Mengapa kontradiksi ini terjadi? Syaikh Basuni ulama Kalimantan pernah berkirim surat kepada Muhamamd Rashid Ridha ulama terkemuka dari Mesir. Suratnya berisi pertanyaan: “Limadza taakhara muslimuuna wataqaddama ghairuhum?”, mengapa muslim terbelakang dan umat yang lain maju? Surat itu dijawab panjang lebar dan dijadikan satu buku dengan judul yang dikutip dari pertanyaan itu. Inti dari jawaban Rasyid Ridha, Islam mundur karena meninggalkan ajarannya, sementara Barat maju karena meninggalkan ajarannya.
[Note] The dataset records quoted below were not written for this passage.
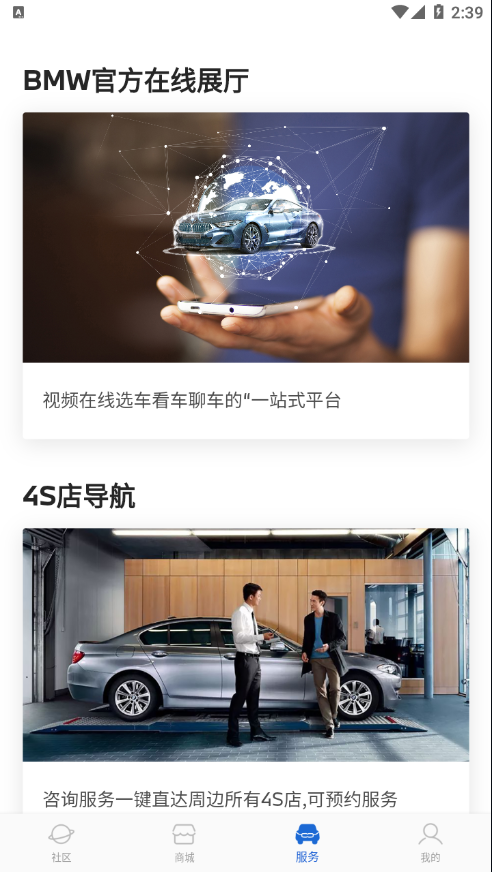 宝马官方车主俱乐部app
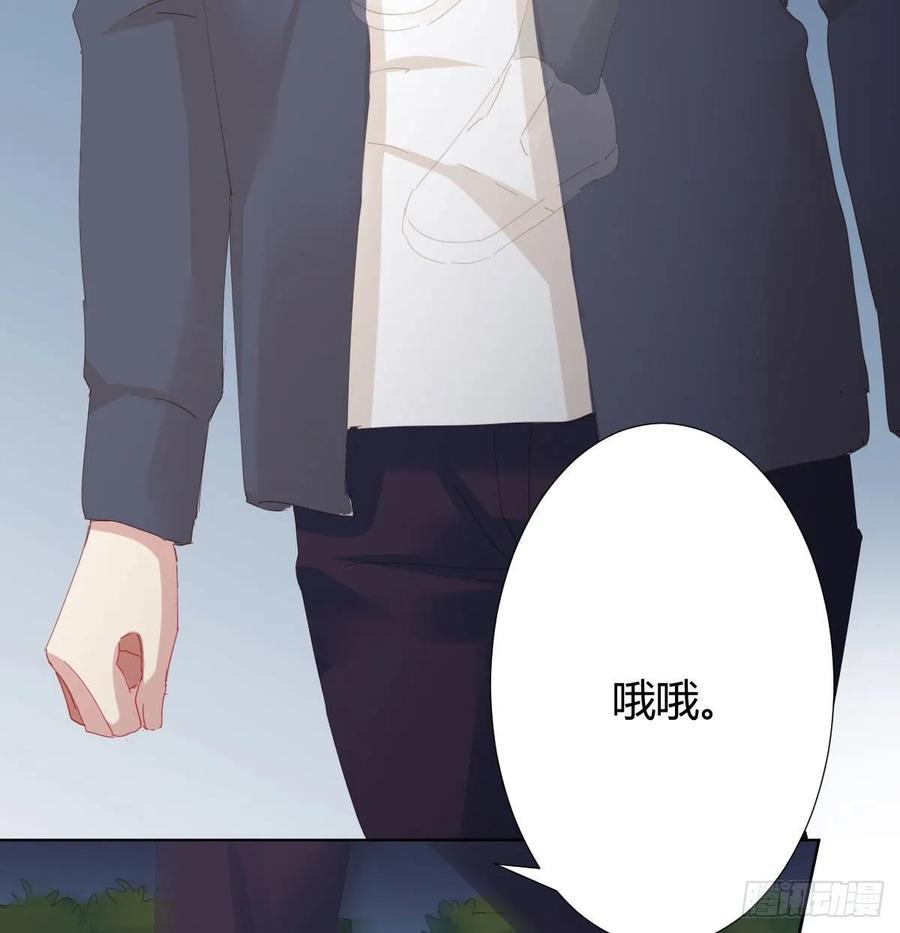 第88话-哪里只得我共你(1/2)-第115话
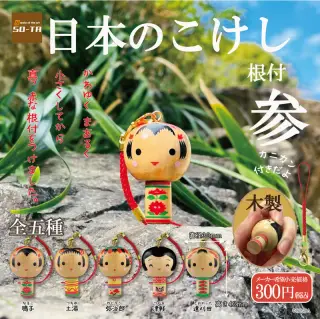 日本のこけし根付(木製) 参の画像
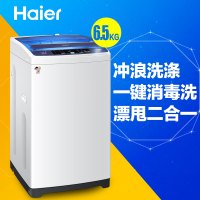 海尔（Haier） EB65M2W 6.5公斤全自动波轮洗衣机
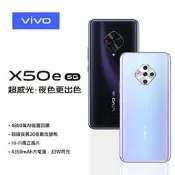 (空機)VIVO X50e 8G/128G  全新未拆封 台版原廠公司貨數量有限 X50 X60 X70 PRO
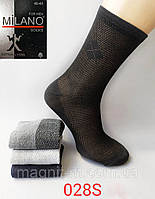 Шкарпетки чоловічі літні "Milano socks". Вставки із сітки. №028S-18.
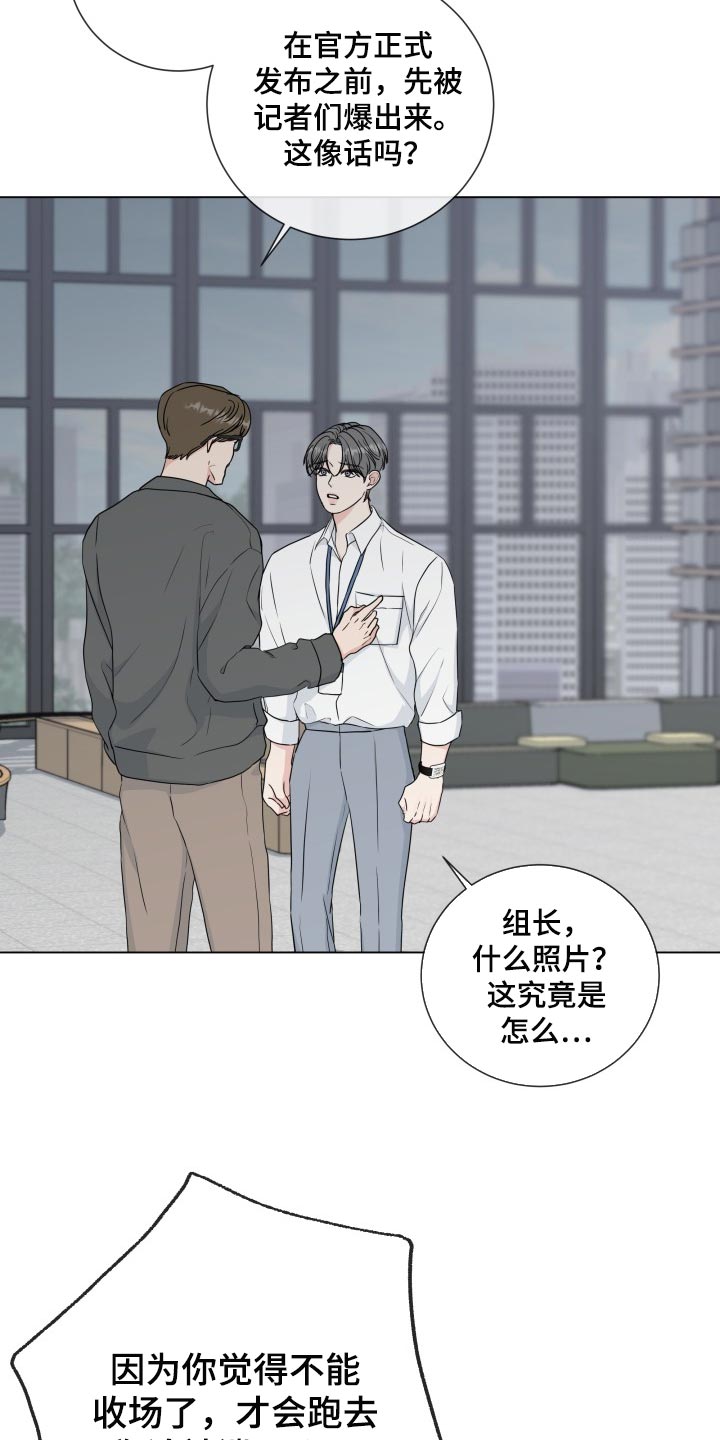 《往后余生》漫画最新章节第91章：【第二季】错觉免费下拉式在线观看章节第【19】张图片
Umat Islam terbelakang karena meninggalkan ajaran iqra (membaca) dan cinta ilmu. Tidak aneh dengan situasi seperti itu, Indonesia saat ini menempati urutan ke- 111 dalam hal tradisi membaca. Muslim juga meninggalkan budaya disiplin dan amanah, sehingga tak heran negara-begara Muslim terpuruk di kategori low trust society yang masyarakatnya sulit dipercaya dan sulit mempercayai orang lain alias selalu penuh curiga. Muslim meninggalkan budaya bersih yang menjadi ajaran Islam, karena itu jangan heran jika kita melihat mobil-mobil mewah di kota-kota besar tiba-tiba melempar sampah ke jalan melalui jendela mobilnya.
Siapa yang salah? Mungkin yang salah yang membuat survey. Seandainya keislaman sebuah negara itu diukur dari jumlah jama’ah hajinya pastilah Indonesia ada di ranking pertama.